The Cheetah people seem rather silly, but no more so than the ape-men in 2001, and rather less so when you find out they're people who've been converted by the planet... or something like that - at least I assume that's why Karra turned into a human before she died. However, since they couldn't be made to look more like animals (CGI being in its infancy at the time) they seemed a bit too much like people dressnig up - an early version of "Furry fandom", perhaps? Had they swapped the cat heads for something a bit less obtrusive and let them be more facially expressive, I think it would have helped.
But generally, and with a few caveats, this worked for me in the same way as early Who, with a sense of urgency that avoided undermining itself by not taking itself seriously, or by having the assumption that the Doctor could magic his way out of trouble.
It also seems to have the odd naughty bit (by implication, and on the Dr Who scale) - the Cheetahs are "dangerously attractive", apparently, and Karra and Ace seem a bit close, sisters under the skin as it were.

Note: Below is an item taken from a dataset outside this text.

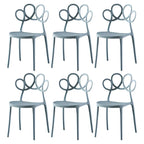 Modern Stackable Plastic Side Chair – Indoor/Outdoor Use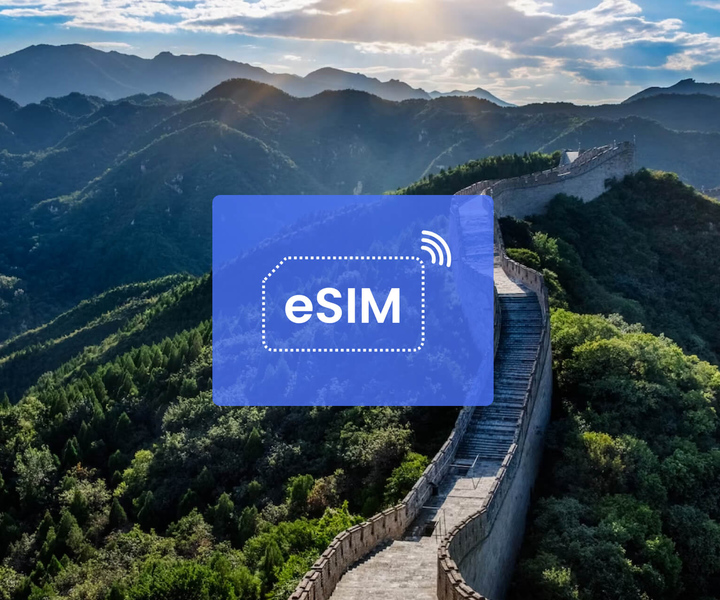 Beijing: China (with VPN)/Asia eSIM Roaming Mobile Data Plan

Come to think of it, didn't Rona Munro also write the one with the Romans, in which we were surprised to learn that Bill prefers women?
Maybe she's trying for the Val McDermid award for most blatant lesbian subtexts.
The Master did his usual thing passably well if not with the suave flair of Delgado (but then, who could?), and at the end the Doctor escaped by moving in a mysterious way. So that was a bit of a deux ex, except it wasn't even explained. I guess there was also some sort of subtext about hunting, what with the hunt saboteur at the start and Karra going on about what fun it was. I assume the message was, to (apparently) quote Leonardo da Vinci, “The time will come when men such as I will look upon the murder of animals as they now look on the murder of men.”
Still, the star was undoubtedly that black cat, which upstaged everyone.